Copyright (c) 2000, 2013, Oracle and/or its affiliates. All rights reserved.

Oracle is a registered trademark of Oracle Corporation and/or its
affiliates. Other names may be trademarks of their respective
owners.

Type 'help;' or '\h' for help. Type '\c' to clear the current input statement.

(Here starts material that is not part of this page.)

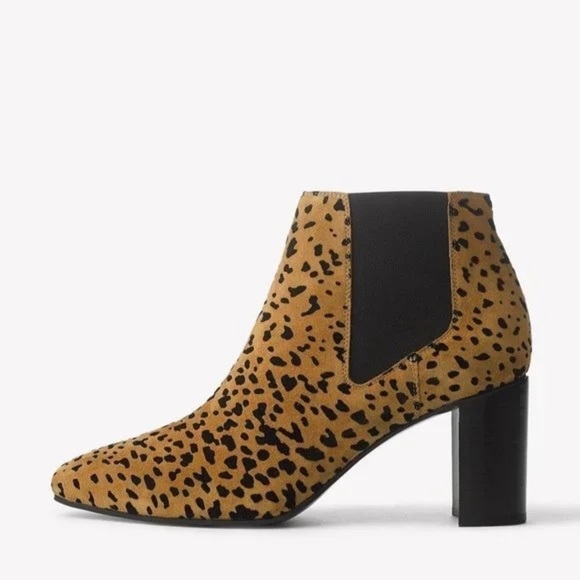 Rag & Bone Leopard Print Suede Chelsea Boots. Size 5. - Picture 1 of 12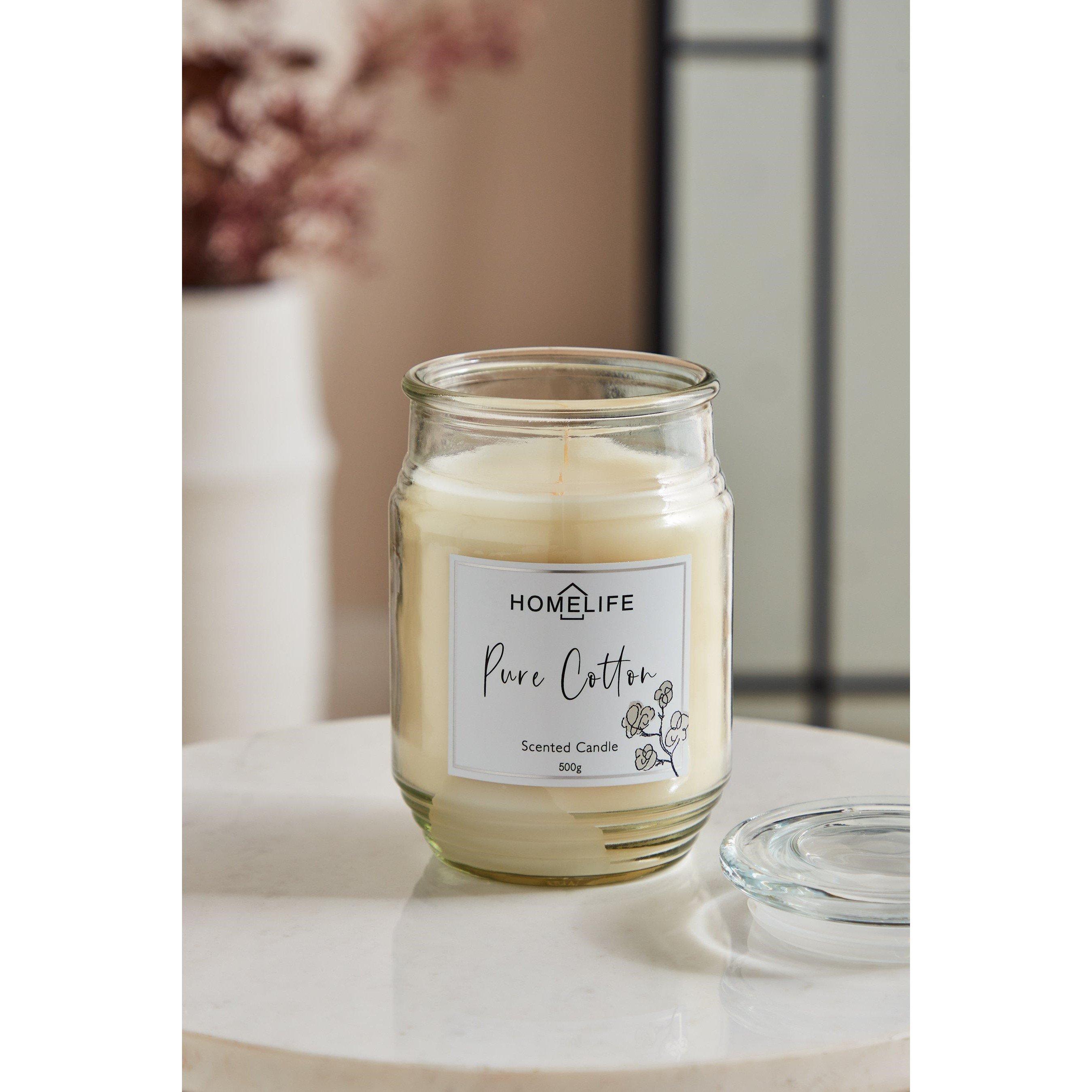 White - Homelife - Pure Cotton Scented Candle - 1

mysql 5.6 > create database xx;
Query OK, 1 row affected (0.01 sec)

mysql 5.6 > use xx
Database changed
mysql 5.6 > CREATE TABLE `catalog` (
    ->   `id` int(10) unsigned NOT NULL AUTO_INCREMENT,
    ->   `title` text NOT NULL,
    ->   PRIMARY KEY (`id`),
    ->   FULLTEXT KEY `title_ftx` (`title`)
    -> ) ENGINE=InnoDB DEFAULT CHARSET=utf8;
Query OK, 0 rows affected (1.59 sec)

mysql 5.6 > INSERT INTO catalog(`title`) VALUES
    ->   ('A teacher\'s pre-school Japan'),
    ->   ('A teacher\'s handbook in health and science for grade III');
Query OK, 2 rows affected (0.06 sec)
Records: 2  Duplicates: 0  Warnings: 0

mysql 5.6 > SELECT * FROM catalog where match(title) against ('+pre-school' IN BOOLEAN MODE);
Empty set (0.01 sec)

mysql 5.6 > SELECT * FROM catalog where match(title) against ('pre-school' IN BOOLEAN MODE);
Empty set (0.00 sec)

mysql 5.6 > alter table catalog engine MyISAM;
Query OK, 2 rows affected (0.56 sec)
Records: 2  Duplicates: 0  Warnings: 0

mysql 5.6 > SELECT * FROM catalog where match(title) against ('pre-school' IN BOOLEAN MODE);
+----+------------------------------+
| id | title                        |
+----+------------------------------+
|  1 | A teacher's pre-school Japan |
+----+------------------------------+
1 row in set (0.00 sec)
[16 Aug 2013 3:04] Jimmy Yang
Ok, this is really not a bug. MyISAM never indexes "-", it only either treat it as negate operator or ignores it.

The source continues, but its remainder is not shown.